Model hyper-parameters include:
- 32-neuron input layer
- 128-neuron hidden layer
- 64-neuron hidden layer
- 1-neuron output layer
A sigmoid activation function was used and the network was trained for 120 epochs with the "Adam" optimizer provided in TensorFlow. A standard mean-squared error (MSE) loss function was chosen for the optimization task.
These GUI-based demos are provided as an example of how nengo can apply convolution operations. They may be removed if they are found to be lackluster or unnecessary.

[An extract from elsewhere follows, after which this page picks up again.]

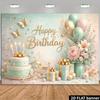 Tissu de fond d'anniversaire pour gâteau à deux étages plan 2D avec un dégradé de base vert menthe et texte en feuille d'or: """Joyeux Anniversaire"""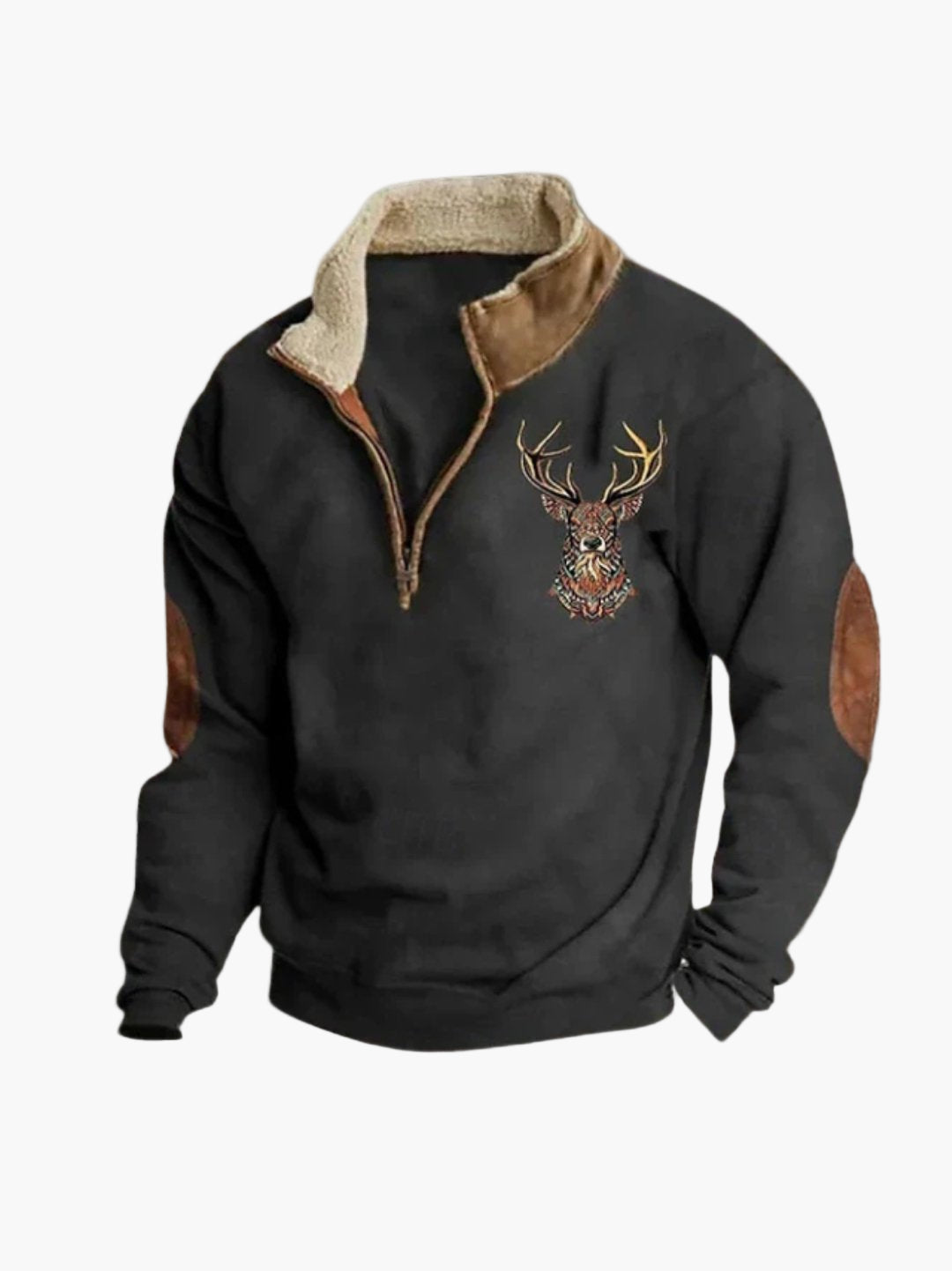 Men's Quarter-Zip Casual Sherpa Pullover with Embroidered Deer – Outdoor Style Sweatshirt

At the time of this writing, it appears that a convolution will be less efficient to implement for audio processing than an LSTM-style network simply due to the number of neurons required to represent each dimension accurately along with the additional neurons required to perform the convolution operation.
In convModel, a convolution is applied across each of the neurons in an ensemble representing the input at the current timestep. In convModel2, the inputs are buffered with samples of audio spread across the dimensions represented by the input ensemble array.